InternetNZ has accused the government of giving away a potential free-trade bargaining chip by agreeing too readily to the American view on how to deal with internet intellectual property violation.
The point arose during a Select Committee hearing late last month on the Copyright (New Technologies and Performers’ Rights) Amendment Bill.
The bill, in Clause 53, proposes to make an ISP that hosts content for a user liable for any copyright infringement in the hosted material if it “knows or has reason to believe that the material infringes copyright in the work; and does not, as soon as possible after [becoming] aware of the infringing material, delete the material or prevent access to it.”
This is known as a “notice and take-down” regime and is the style of remedy favoured by the US and some other jurisdictions.
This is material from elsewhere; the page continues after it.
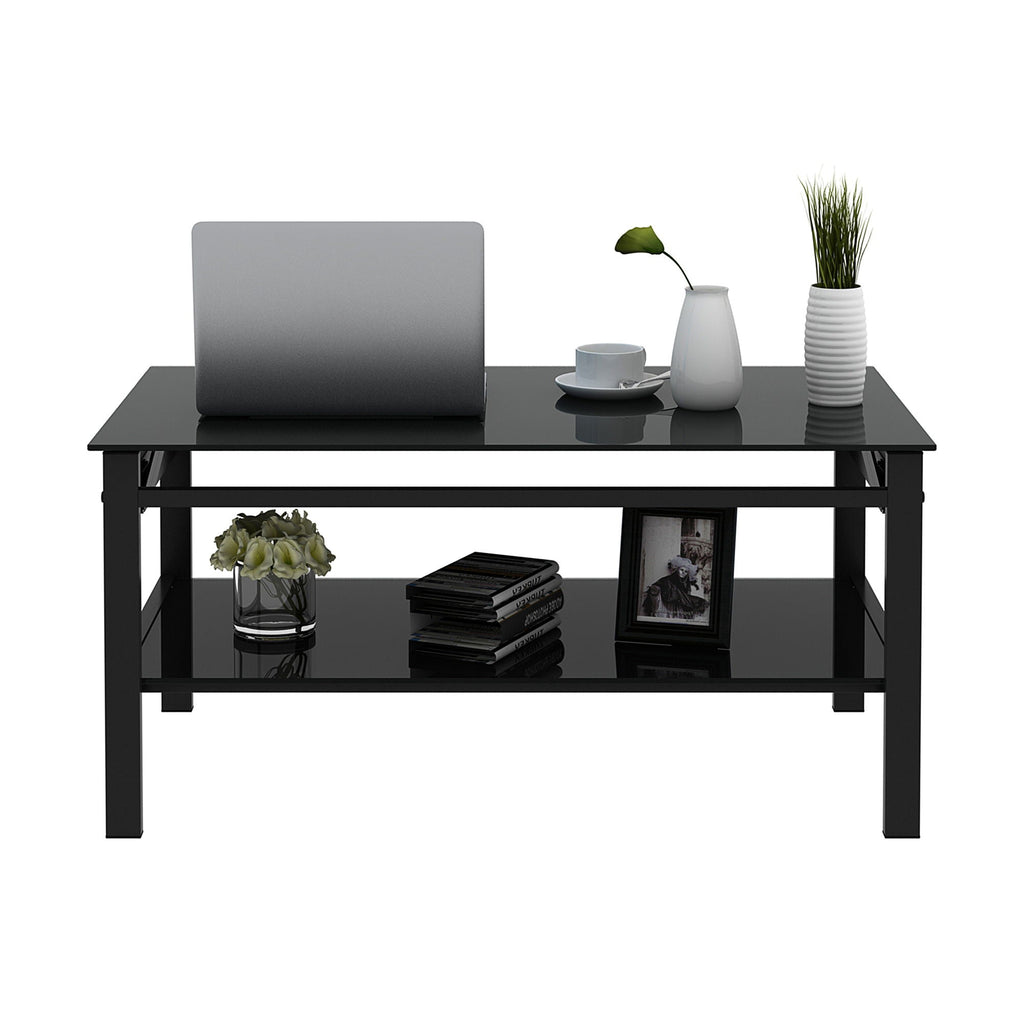 Glass Lift Top Coffee Table with Storage Shelf - Black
It requires the ISP essentially to take any complaint made at face value.
InternetNZ, in its submission on the bill, proposes an alternative “notice and notice” approach, similar to that used in Canada.
When the ISP receives a copyright infringement complaint it passes it on to the customer who posted the content. If the customer agrees the material is taken down. If not, the ISP puts the copyright owner and the customer in contact with each other and backs out of the discussion, leaving the two parties to reach a decision.If “notice and notice” were written into the amended act, then adoption of the US position at a later date might be something New Zealand could offer during free-trade negotiations, suggested InternetNZ vice-president David Farrar.
The National Party’s number 3, Gerry Brownlee, locked horns with Farrar accusing InternetNZ of absolving ISPs of any “duty of care”; Farrar, pointing out that ISPs would accept the task of passing on the complaint, went on to suggest that too rigid a regime would imperil creative adaptation of works. The maker of a parody of the Lord of the Rings movies should not be held liable for using five seconds of the original movie.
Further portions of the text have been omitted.